For traditional software, testing is straightforward. You write a test. The function returns 4 or it doesn't. Pass or fail.

For AI systems, nothing about evaluation is binary. The output isn't right or wrong, it's somewhere on a spectrum, and where it falls depends on context and use case and user expectations. This makes normal software testing almost useless.

What you need instead is something more layered.

Start with what I'd call behavioral testing. Not "does the model produce the right output" but "does it behave correctly across a representative sample of scenarios." This means building evaluation datasets that cover the full range of inputs you'll actually see, including the messy, ambiguous ones that never appear in training data. Most teams test with clean examples. Production sends dirty ones.

Then there's monitoring in production. Your evaluation dataset is always a sample. Production is the population. You need to measure output quality continuously, which means building automated quality signals (consistency checks, confidence tracking, user feedback loops) and reviewing actual outputs regularly. Almost nobody does this part. It's the part that catches silent degradation.

And then failure mode analysis. Every AI system has categories of inputs where it falls apart. You need to find those before your users do. This means systematically probing the boundaries, understanding where the system is solid and where it's fragile, and watching the fragile areas closely.
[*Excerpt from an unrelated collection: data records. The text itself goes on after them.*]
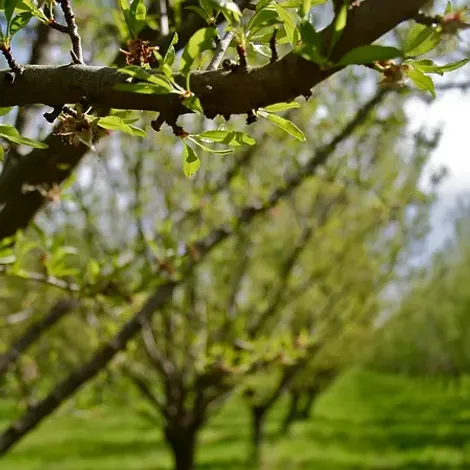Big Tree Organic Farms
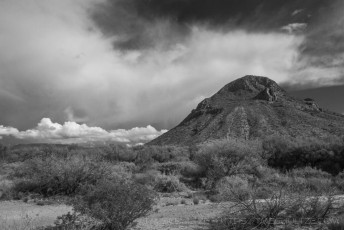 RM18 is a photograph by T.M. Schultze taken at ,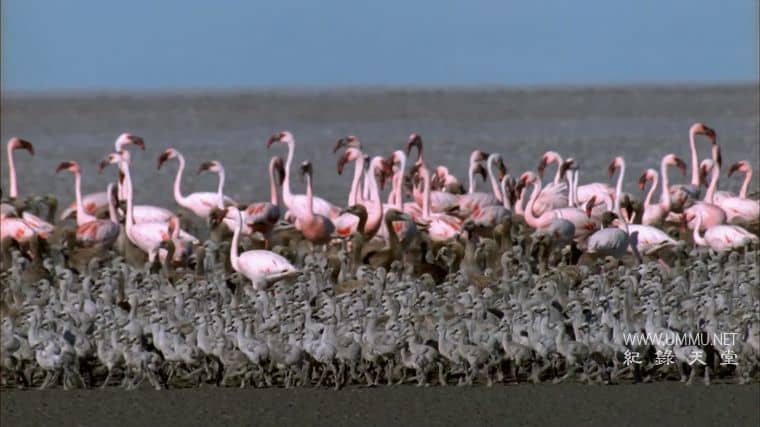 非洲沙漠风暴 Africa's Desert Storms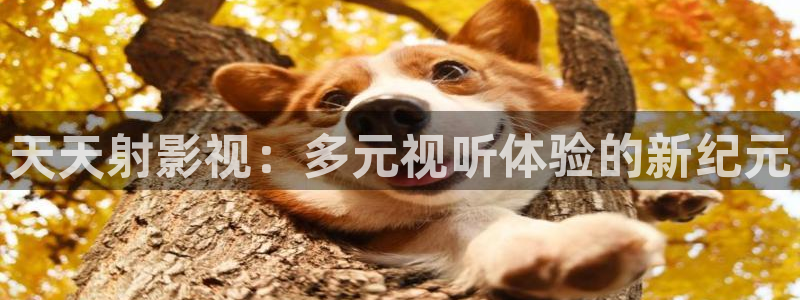 迅播影院电视剧免费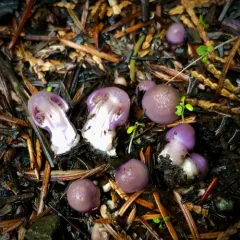 Inocybe pallidicremea thumbnail 2
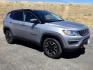 2020 Billet Silver Metallic Clearcoat /Ruby Red/Black Jeep Compass Trailhawk 4X4 (3C4NJDDB2LT) with an 2.4L I-4 variable valve control engine, 9 Speed Automatic transmission, located at 1801 Main Street, Lewiston, 83501, (208) 743-9371, 46.417065, -117.004799 - Photo#0
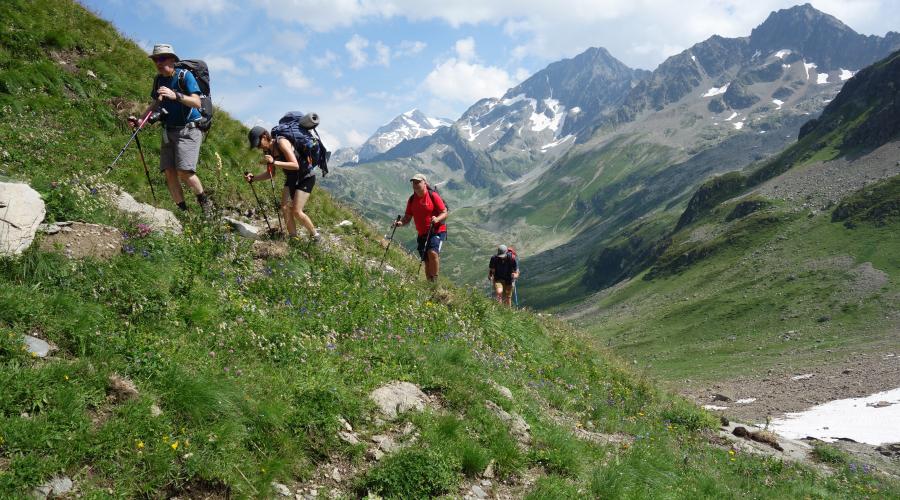 Alps Trekking through meadows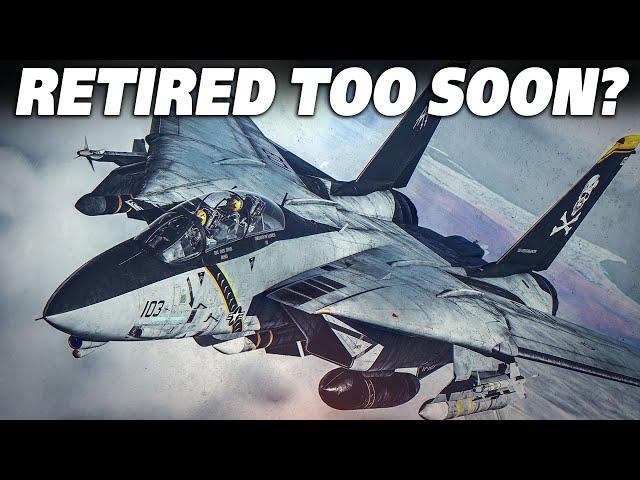 Could The F-14 Tomcat Still Be Relevant ? F-14 Tomcat Vs Su-33 Flanker-D Intercept | DCS |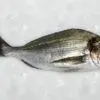 Dorada salvaje (1Kg) - Imagen 2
The hardest part of all this is that you often need human judgment to assess quality, and human judgment is expensive, slow, and inconsistent.

I've seen teams try to solve this with automated metrics. BLEU scores, cosine similarity, exact match. These work for some narrow tasks, but for most enterprise applications, automated metrics don't actually correlate well with quality. A response can score great on automated metrics and still be wrong in a way that matters.
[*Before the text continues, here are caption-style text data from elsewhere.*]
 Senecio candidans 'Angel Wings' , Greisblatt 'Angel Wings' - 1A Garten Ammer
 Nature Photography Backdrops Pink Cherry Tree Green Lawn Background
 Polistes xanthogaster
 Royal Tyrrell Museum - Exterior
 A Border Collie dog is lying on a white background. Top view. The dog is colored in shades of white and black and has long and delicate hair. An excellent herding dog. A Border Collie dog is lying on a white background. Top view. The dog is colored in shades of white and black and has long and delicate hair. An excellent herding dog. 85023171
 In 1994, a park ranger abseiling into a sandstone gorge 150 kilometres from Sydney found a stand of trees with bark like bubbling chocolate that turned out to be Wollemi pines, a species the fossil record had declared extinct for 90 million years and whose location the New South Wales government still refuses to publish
The practical approach, I think, is to invest in human evaluation for a subset of outputs and use that to calibrate cheaper automated signals. Review 100 outputs carefully. Understand the failure modes. Build automated detectors for those specific failures. Then monitor the automated signals at scale, with periodic human review to check they're still calibrated.
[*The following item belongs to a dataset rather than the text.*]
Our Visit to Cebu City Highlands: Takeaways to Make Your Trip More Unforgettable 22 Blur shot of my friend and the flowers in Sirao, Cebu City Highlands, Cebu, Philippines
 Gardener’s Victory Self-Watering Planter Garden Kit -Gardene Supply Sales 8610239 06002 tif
This sounds expensive, and it is. But the alternative is shipping a system you can't measure, which means you can't improve it systematically, which means you're just hoping it works. In my experience, teams that invest in evaluation early ship better systems and iterate faster. The evaluation framework turns vague complaints about "model quality" into specific engineering problems you can actually fix.

The evaluation problem gets significantly harder with agentic AI, which is concerning because those are exactly the systems most likely to land in high-stakes enterprise settings.

An agentic system doesn't just produce an output. It takes actions, makes decisions, chains steps together, interacts with external systems. Evaluating a single output is hard enough. Evaluating a multi-step workflow where each step depends on the previous one, and where the system might take different paths depending on intermediate results, is a whole different thing.

For agentic systems, you need to evaluate not just output quality but decision quality. Did it choose the right action at each step? Did it know when to escalate versus proceed? Did it handle errors well? Did the whole workflow produce the right outcome?

I don't think we've figured this out yet as an industry. Most agentic AI systems are evaluated on vibes. Does it feel like it's working? Are users complaining? That's not evaluation. That's hope with a feedback form.

The teams that build real evaluation frameworks for agentic systems will have a huge advantage. Not just because evaluation is quality assurance, but because it's the foundation for getting better over time. You can't improve what you can't measure, and right now most teams can't measure the thing that matters most.